Depending on which type of business entity the Uninsured Employer is will determine the next step. If the entity is a Corporation, the Applicant’s Attorney must attempt to personally serve the Agent for Service of Process. If personal service is completed, you can use this proof of service as an exhibit in your Petition to Join UEBTF. If personal service is attempted three times and service cannot be completed, you must then Petition and obtain an Order Allowing Personal Service on the Secretary of State.
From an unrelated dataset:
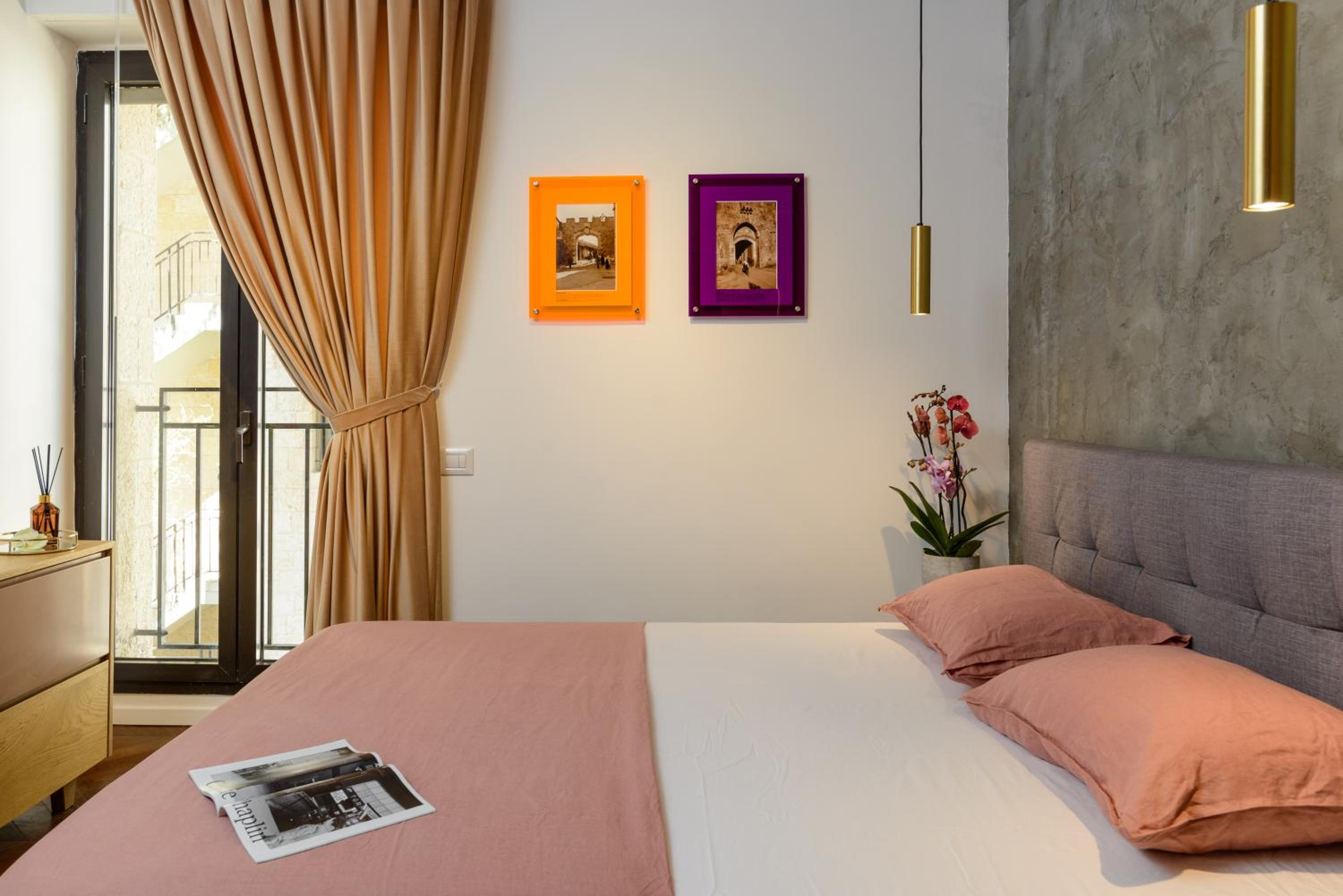 Boutique & Comfort in David's Village by FeelHome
If personal service is then completed upon the Secretary of State, use this proof of service as an exhibit in your Petition to Join UEBTF. If the uninsured employer is a partnership or sole proprietorship, you must personally serve a partner or the owner of the entity. Make sure to hire a good attorney service that can get the correct person served and properly provide you with a proof of service.
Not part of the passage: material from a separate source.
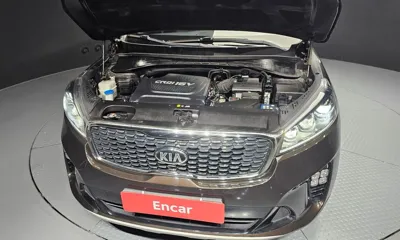 Kia Sorento 2018, 99132 км, за 9580.44 USD - фото 6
  1. Locate the Uninsured Employer.
  • Internet Search (i.e. Google).
  • Confirm the county where the uninsured employer’s business is located.
  • If it is a Corporation or Limited Liability Corporation, complete a business search on the California Secretary of State website at https://businesssearch.sos.ca.gov.
  • Search on the Registrar-Recorder/County Clerk (Fictitious Business Search) website at: https://www.lavote.net/home/county-clerk/fictitious-business-names/fictitious-business-name-statement-request.
  • If the Employer is a Contractor, search on the Contractors State License Board website at:https://www.cslb.ca.gov/OnlineServices/CheckLicenseII/CheckLicense.aspx.
  • If you are dealing with a Homeowner, pull copies of deeds and obtain a property profile search which can provide additional information on the actual owners of the property. You may find there is more than one owner, in which case an amendment to the Application may be in order.
    • Send a letter of representation to the Homeowner.
    • Complete a property profile and prepare a Special Notice of Lawsuit and serve the homeowner.
    • If still no response, set the homeowner’s deposition (many times homeowners are in denial when they hire someone to do a job at their residence and an employee of the person/entity they hired gets injured on their property and then asserts a claim against the homeowner).
  • If you are dealing with some other entity, get creative, channel your internal Sherlock Holmes and get to investigating.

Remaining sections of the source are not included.